The Vocals. I wasn't the biggest fan of some of the newer arrangements of old songs, particularly when they added additional vocals. Nothing against the Dessners, who are clearly amazing musicians, but what's distinctive about The National is Matt Berninger's level baritone. Introducing a second (or third) vocal layer as a harmony works well, but less so as a second melody when it threatens to overpower Berninger's voice.
Speaking of Berninger, he was a bit off form Friday. And by that, I mean he was much less drunk than I've ever seen him at the end of a show. Instead of finishing his requisite bottle of wine, he handed out a lot of his alcohol to the front row. Awesome for the front row, but a sober and happy Berninger means a more subdued and less explosive frontman, one that somehow seemed to care less. And just so you know, I seriously debated putting this in The Good section instead, because why am I promoting alcoholism?

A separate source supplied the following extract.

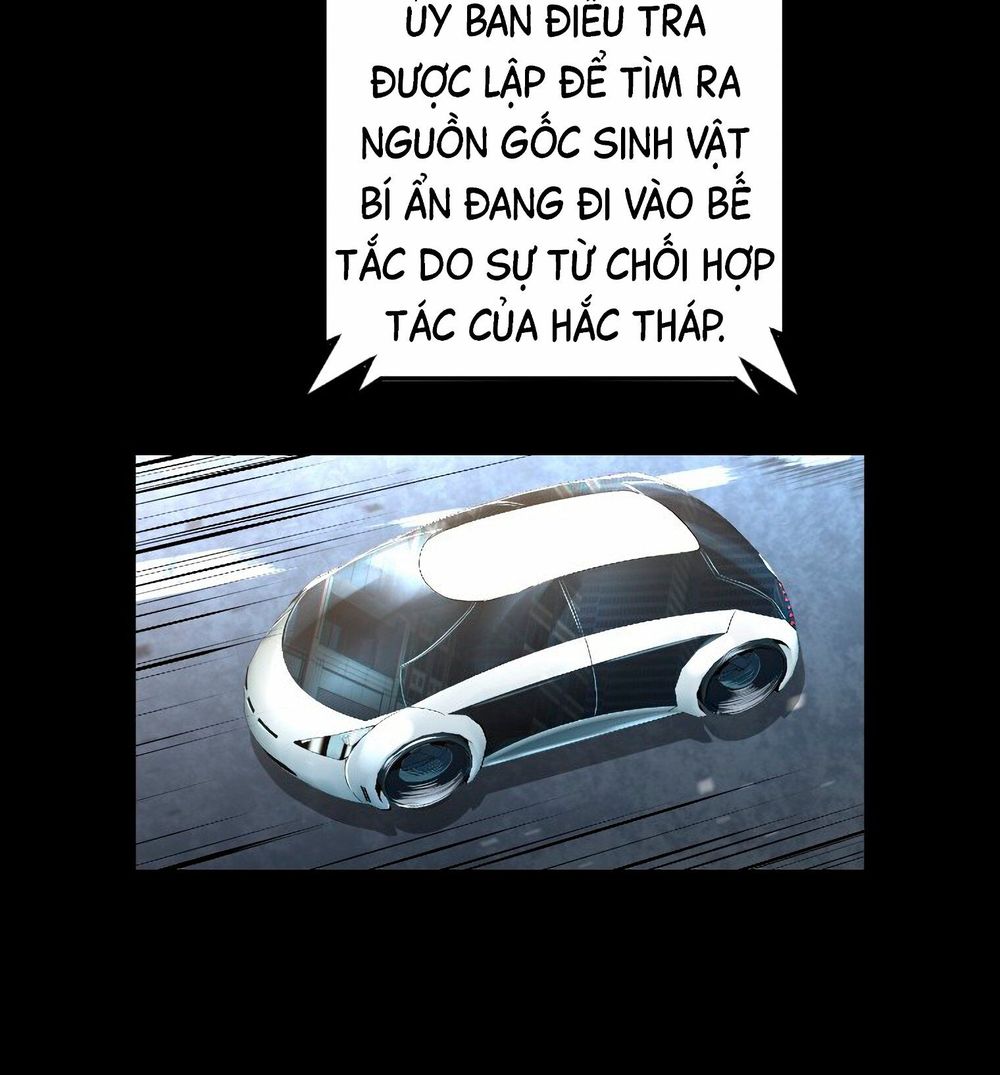 Dị Giới Tam Tuyệt: Chapter 102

These two shows weren't my favorites of theirs, nor were they my worst. For me, The National have a lot to live up to, which isn't really even their own fault. If only they were more of a flash-in-the-pan, producer-arranged and styled indie pop act, then I wouldn't be so hard on them (nor would have bothered writing about them).
But the fact of the matter is The National is a live act, and a great one at that. One that has repeatedly inspired me over the years to suck up my tired, trite disappointments and never quit exploring the world around me. I just hope they can use their well-deserved break to do the same. Can't wait for the new album, and can't wait to see them again.